By carefully forecasting demand and studying historical patterns, revenue managers can estimate how many extra reservations they need to cover expected cancellations. Done right, this practice ensures that we finish the night as close to full as possible. The goal isn’t to leave guests stranded; it’s to match actual occupied rooms with our true inventory. Yes, there are rare occasions when everyone shows up and the hotel has to “walk” a guest to another property. But that’s the exception, not the rule. Most of the time, overselling is simply a behind-the-scenes safeguard to make sure we don’t leave money, in the form of empty rooms, on the table.
Why We Use Restrictions
Restrictions are one of the least understood tools in revenue management. They don’t force guests to do anything; they simply prevent bookings that don’t fit our long-term strategy. Think of them as guardrails that protect revenue.
Take length-of-stay (LOS) restrictions. If demand is sky-high on Saturday but weak on Friday and Sunday, we may require a two-night minimum. That way, the Saturday rooms are reserved for guests who also would stay on the softer surrounding nights, helping us smooth demand across the weekend.
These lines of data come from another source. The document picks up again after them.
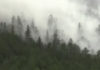 Фото: Youtube printscreen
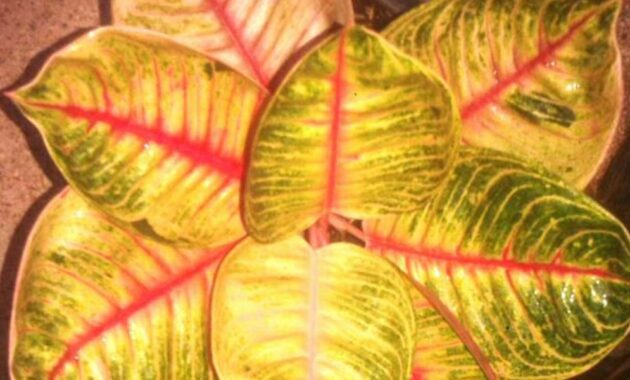 Top 10+ Bunga Aglaonema Termahal, Cocok Buat Dekorasi Rumah!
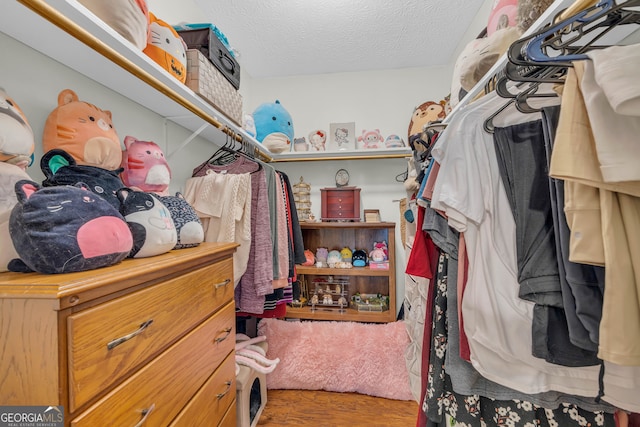 walk in closet featuring hardwood / wood-style floors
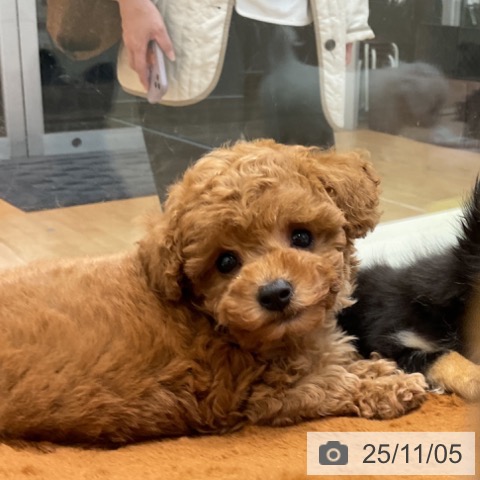 トイ・プードルの写真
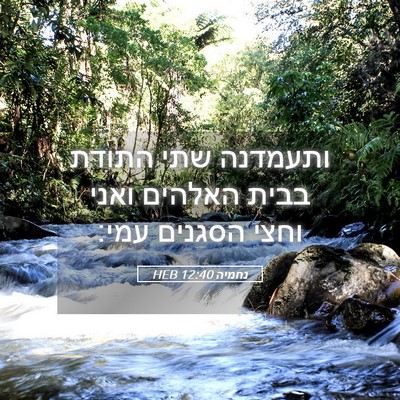 Picture 05 - נחמיה 12:40 HEB - ותעמדנה שתי התודת בבית - Bible Verse Picture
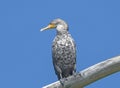 Immature Double Crested Cormorant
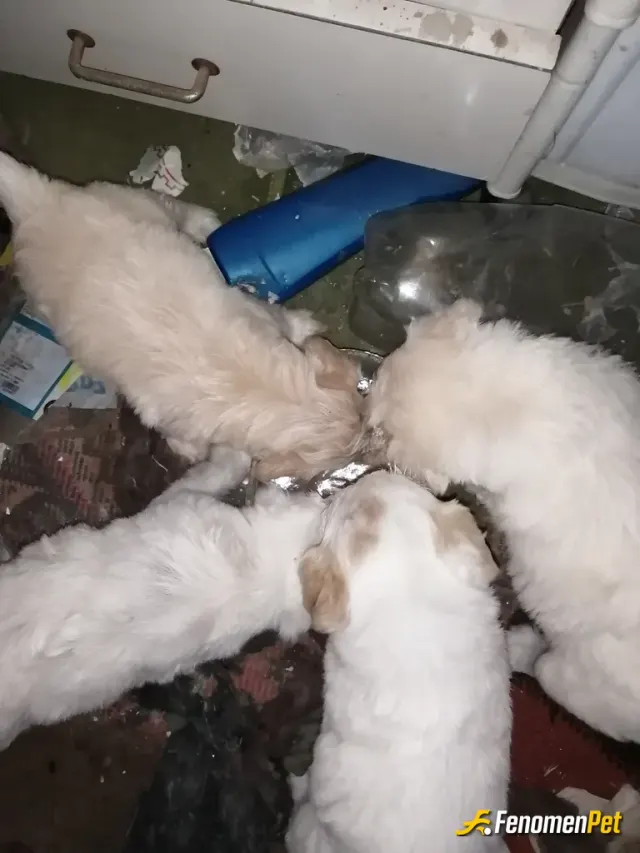 Sokak hayvanı besleme: Keşke herkes böyle duyarlı olsa onlara karşı 🥰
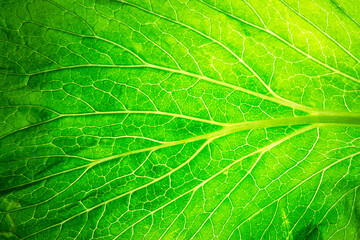 Green leafy vegetables macro,Close up shot of green cabbage leaf. Food background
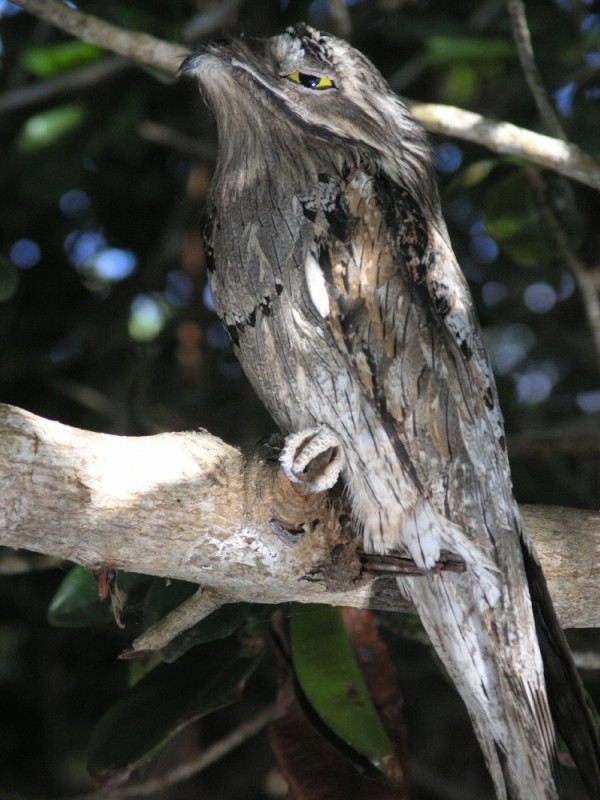 Northern Potoo Owl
Restrictions also help weed out less valuable business. When applied to discounted rates, restrictions ensure that only guests with the most desirable patterns, like early bookers or longer stays, get access to those lower prices.
Why We Can’t Give You an Accurate Forecast
One of the hardest truths in revenue management is this: An accurate future forecast doesn’t really exist. Forecasting isn’t fortune-telling — it’s a best guess based on the information we have at the time. We look at current booking pace, compare it to the same time last year, adjust for things like group blocks, cancellations, and no-shows, then factor in pricing strategy and market conditions. It’s a mix of art and science, constantly evolving as new data comes in. Here’s the challenge: demand changes. A group cancels. A competitor launches a flash sale. Weather shifts travel plans. So, reality doesn’t match the forecast. That doesn’t mean forecasts are useless. They help us schedule staff, manage cash flow, and make smarter pricing decisions. But they’re directional, not absolute. Think of them as a compass pointing us toward the best decisions, not a GPS with turn-by-turn instructions.
Bringing It All Together
Revenue management’s goal is to use all the tools available to maximize a hotel’s revenue over time. It isn’t about filling every room at any cost, nor is it about charging the highest rate possible on a single night. It’s about finding the balance between occupancy and ADR to drive the most revenue across the calendar. That balance requires strategy. Discounts aren’t used to undercut rates but to capture incremental business. Overselling offsets cancellations and no-shows to ensure rooms don’t sit empty. Restrictions protect peak nights so they can support weaker ones. Forecasts guide decisions, even if they can’t be accurate in the crystal ball sense. In short, revenue management aligns pricing, inventory, and demand to make every room night work as hard as possible. The ultimate goal isn’t just to sell rooms, it’s to create sustained profitability and long-term success for the hotel.